大広民芸さんのセワポロロではないのですが、4年半くらい前、札幌の三越?丸井今井?どちらかで購入したセワポロロの写真を載せておきます。エスカレーターを上っていって(何階だっけ)降りた時、三十代?くらいのおしゃれな格好のお兄さんとデパートの制服のお姉さんがいて、「セワポロロ、作りました~」とお兄さんが。えっ、ななな何?と思い覗いてみると、これから紹介するセワポロロが一つだけポツンと。一つだけ?ほかに置いている様子もない。小さな説明書をいただきましたが残念ながらなくしてしまいました。
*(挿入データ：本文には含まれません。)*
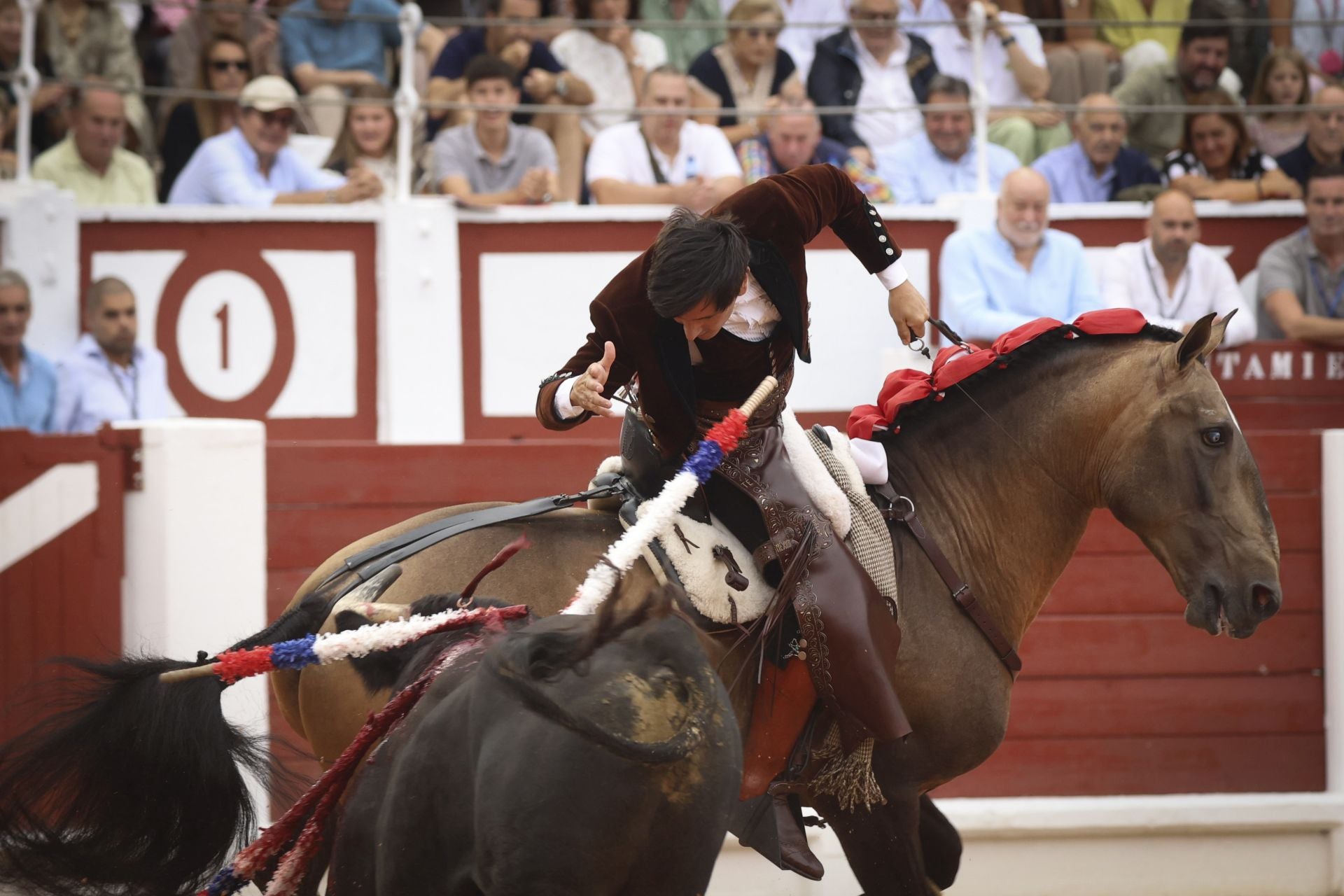 Tarde de rejones en la Feria taurina de Begoña en Gijón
今から思うと買っといてよかったぁ~って。なんかこのセワポロロ、いい感じ!自我自賛!あのお兄さんがやっぱ作ったのかなぁ~。記憶が定かではない(やばやば)。
なかなかいい感じですよね!そう思いませんか!まだあのお兄さん、(木彫りなどを)作っているのであろうか?いい買い物でした(笑)。
隣のビッキ風キツネは、その年札幌芸術の森美術館で開催されていた藤戸竹喜さんの木彫り作品の展示会の時に、記念に売店で購入したものでした(あくまで記念に、と思って)。これも何だかんだいい記念のキツネになりました。自己満足ですみません。
以上で、今回は終わりにします。網走にゆっくり行く機会に恵まれたら、大広民芸さんに行ってみよ~!
最後までお付き合いしていただきまして本当にありがとうございました!
これからも『木彫り愛』、『樹木愛』の心でよろしくお願いします!
お元気で!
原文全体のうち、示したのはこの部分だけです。